Task description => In the entries that follow, the lines from the one with "4 Bed Townhouse" through the one with "Snapshot of milafleur" are the ones to write out, exactly and with both ends included. Nothing else should appear.

[Information provided Boundary: Start]

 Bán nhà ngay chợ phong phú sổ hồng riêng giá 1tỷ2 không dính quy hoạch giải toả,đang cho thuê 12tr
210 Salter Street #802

[Information provided Boundary: End]
[Information provided Boundary: Start]

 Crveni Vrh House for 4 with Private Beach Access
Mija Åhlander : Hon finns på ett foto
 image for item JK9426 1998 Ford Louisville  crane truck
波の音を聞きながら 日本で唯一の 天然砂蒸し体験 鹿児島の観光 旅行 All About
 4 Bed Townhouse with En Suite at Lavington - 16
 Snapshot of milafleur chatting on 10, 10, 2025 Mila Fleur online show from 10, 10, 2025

[Information provided Boundary: End]
[Information provided Boundary: Start]

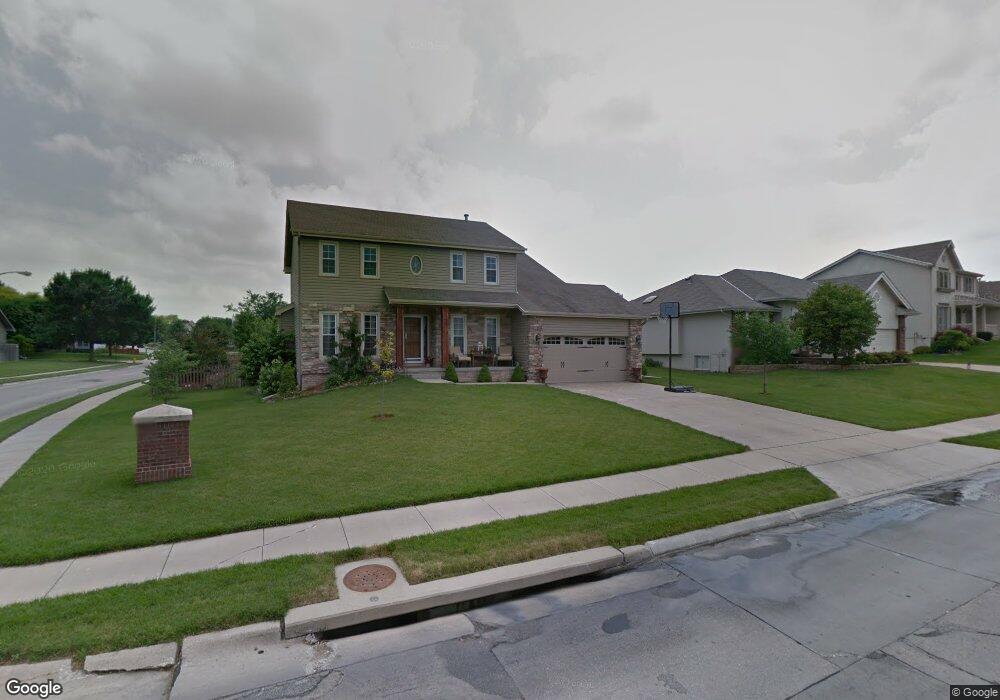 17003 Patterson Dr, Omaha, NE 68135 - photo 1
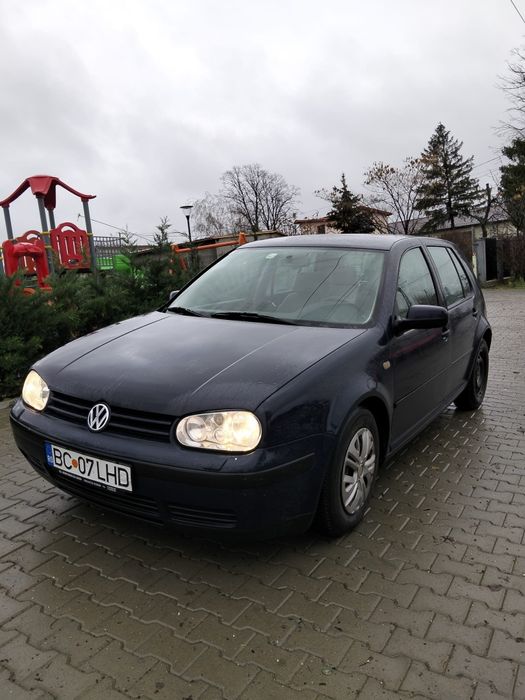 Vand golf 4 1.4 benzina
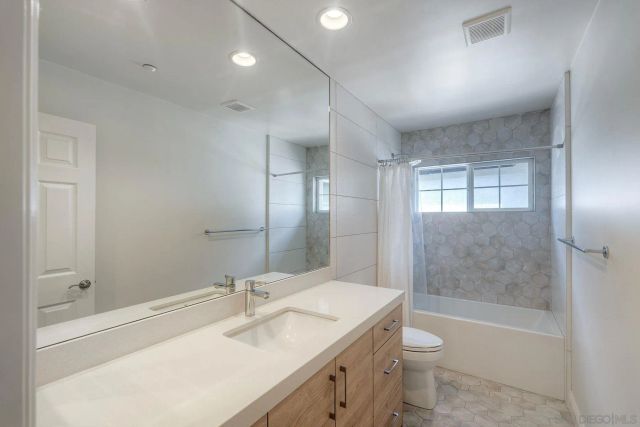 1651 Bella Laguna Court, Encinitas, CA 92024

[Information provided Boundary: End]

Exercise result =>
 4 Bed Townhouse with En Suite at Lavington - 16
 Snapshot of milafleur chatting on 10, 10, 2025 Mila Fleur online show from 10, 10, 2025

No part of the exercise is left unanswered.